- [What is needed] Write out the listing exactly, from its first line through the line holding "Thibodaux, LA 70301", but include none of the pictures.

- [Data for this task]
---

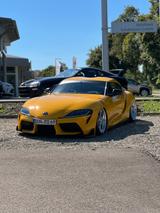 Toyota Supra 3.0 Turbo Automatik Legend Legend - Toyota Supra: Turbo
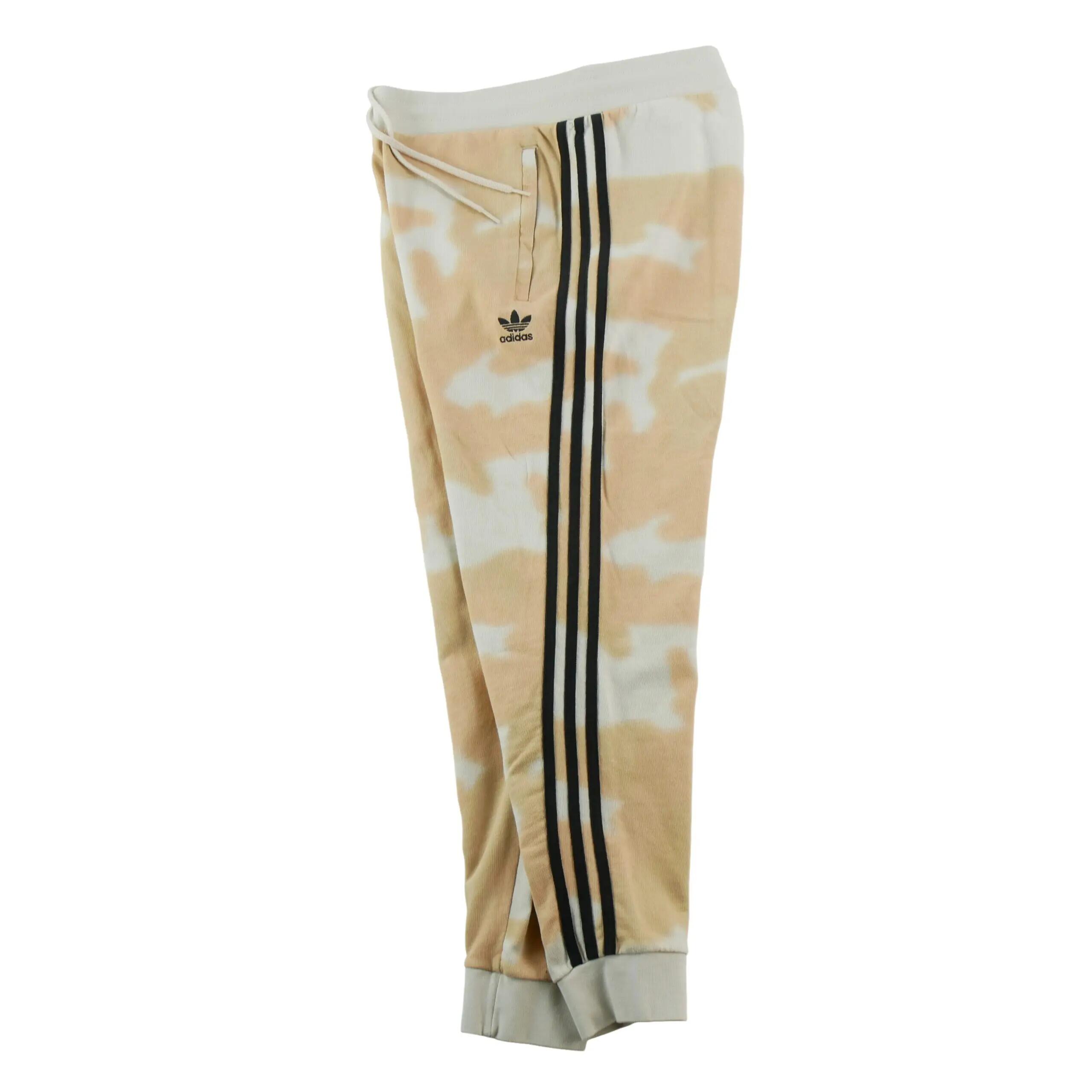 Refurbished - Jogginghose Herren 3-Stripes tie-dye - In sehr gutem Zustand 3/9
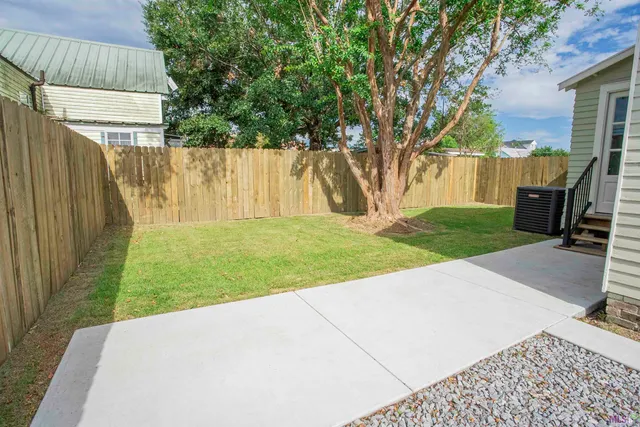 $1,400 | 918 President Street, Thibodaux, LA 70301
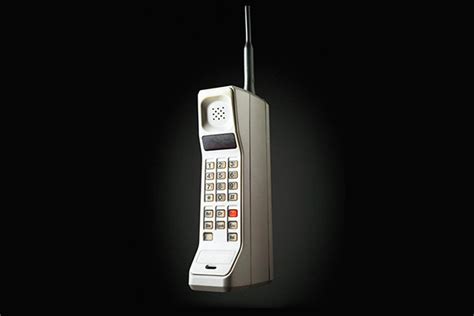 Storia Della Telefonia Anni Fa La Prima Chiamata Dal Telefono Senza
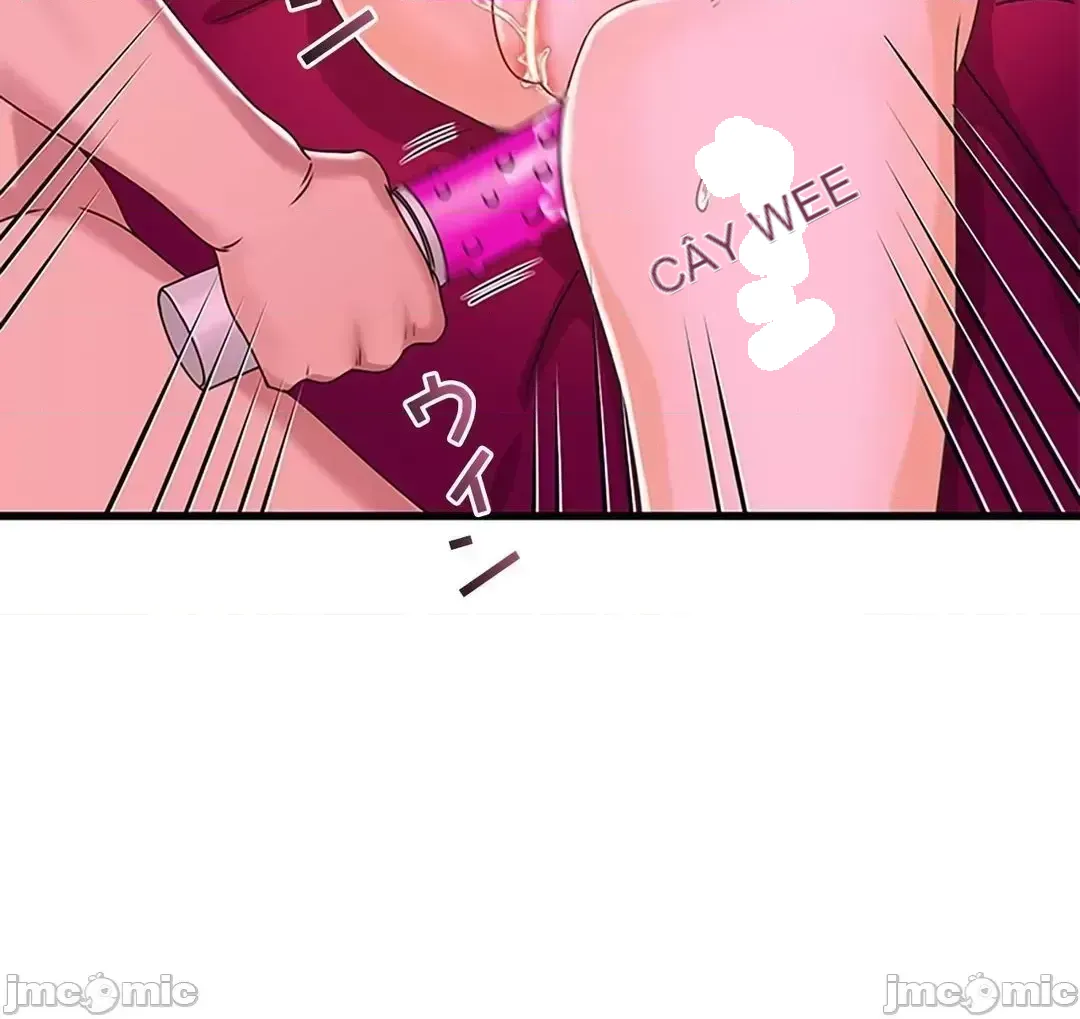 Khuôn viên bí mật Chương 1-20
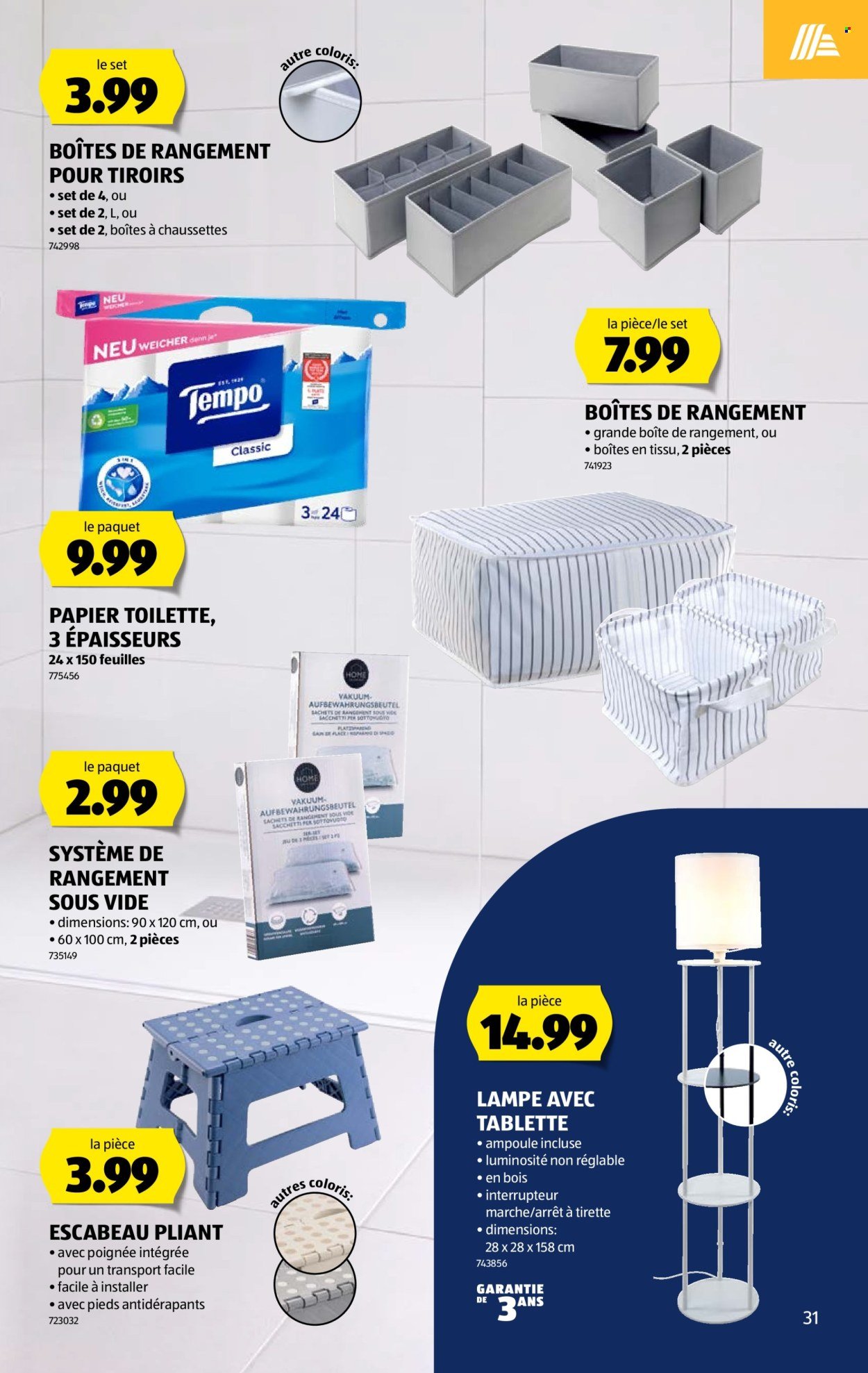 ALDI Prospekt - Vom 1.10.2026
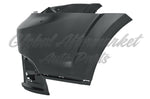 BUMPER UPPER FR PRIMED W/WASHER CROSSROAD MODEL — photo 4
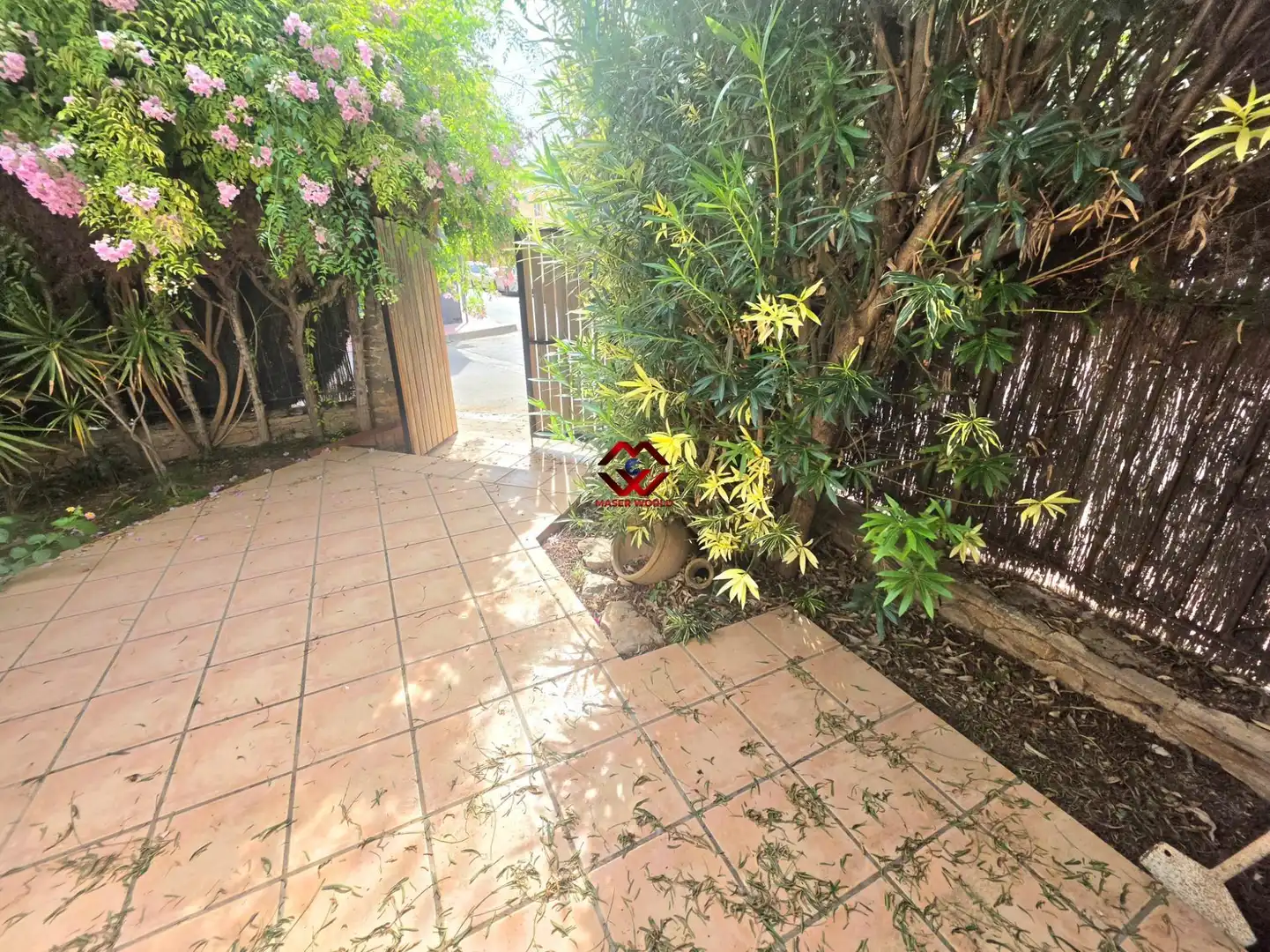Chalet con terraza en venta en Santiago de la Ribera, imagen 7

---

- [Result of the exercise]
 Toyota Supra 3.0 Turbo Automatik Legend Legend - Toyota Supra: Turbo
 Refurbished - Jogginghose Herren 3-Stripes tie-dye - In sehr gutem Zustand 3/9
 $1,400 | 918 President Street, Thibodaux, LA 70301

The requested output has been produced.